# Prompt
The output must be the data, printed exactly as written.

# Record excerpts
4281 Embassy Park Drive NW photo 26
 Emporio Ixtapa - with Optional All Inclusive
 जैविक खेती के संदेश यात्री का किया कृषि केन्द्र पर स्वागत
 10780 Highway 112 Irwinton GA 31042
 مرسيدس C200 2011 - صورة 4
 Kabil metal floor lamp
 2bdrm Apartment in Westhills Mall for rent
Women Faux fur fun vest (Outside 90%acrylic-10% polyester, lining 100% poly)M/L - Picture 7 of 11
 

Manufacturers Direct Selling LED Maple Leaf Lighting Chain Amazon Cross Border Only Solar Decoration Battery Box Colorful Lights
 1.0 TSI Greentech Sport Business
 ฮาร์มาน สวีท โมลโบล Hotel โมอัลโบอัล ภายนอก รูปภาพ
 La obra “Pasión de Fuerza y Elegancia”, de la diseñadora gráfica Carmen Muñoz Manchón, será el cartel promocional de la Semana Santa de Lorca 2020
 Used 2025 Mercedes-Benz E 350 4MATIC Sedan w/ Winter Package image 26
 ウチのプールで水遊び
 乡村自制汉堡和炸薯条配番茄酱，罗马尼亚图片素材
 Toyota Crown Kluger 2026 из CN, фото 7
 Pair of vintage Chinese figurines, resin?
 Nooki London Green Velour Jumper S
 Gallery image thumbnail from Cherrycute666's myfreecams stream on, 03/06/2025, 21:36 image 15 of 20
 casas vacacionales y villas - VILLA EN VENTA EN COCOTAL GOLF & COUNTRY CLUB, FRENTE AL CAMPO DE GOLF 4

# Task response
4281 Embassy Park Drive NW photo 26
 Emporio Ixtapa - with Optional All Inclusive
 जैविक खेती के संदेश यात्री का किया कृषि केन्द्र पर स्वागत
 10780 Highway 112 Irwinton GA 31042
 مرسيدس C200 2011 - صورة 4
 Kabil metal floor lamp
 2bdrm Apartment in Westhills Mall for rent
Women Faux fur fun vest (Outside 90%acrylic-10% polyester, lining 100% poly)M/L - Picture 7 of 11
 

Manufacturers Direct Selling LED Maple Leaf Lighting Chain Amazon Cross Border Only Solar Decoration Battery Box Colorful Lights
 1.0 TSI Greentech Sport Business
 ฮาร์มาน สวีท โมลโบล Hotel โมอัลโบอัล ภายนอก รูปภาพ
 La obra “Pasión de Fuerza y Elegancia”, de la diseñadora gráfica Carmen Muñoz Manchón, será el cartel promocional de la Semana Santa de Lorca 2020
 Used 2025 Mercedes-Benz E 350 4MATIC Sedan w/ Winter Package image 26
 ウチのプールで水遊び
 乡村自制汉堡和炸薯条配番茄酱，罗马尼亚图片素材
 Toyota Crown Kluger 2026 из CN, фото 7
 Pair of vintage Chinese figurines, resin?
 Nooki London Green Velour Jumper S
 Gallery image thumbnail from Cherrycute666's myfreecams stream on, 03/06/2025, 21:36 image 15 of 20
 casas vacacionales y villas - VILLA EN VENTA EN COCOTAL GOLF & COUNTRY CLUB, FRENTE AL CAMPO DE GOLF 4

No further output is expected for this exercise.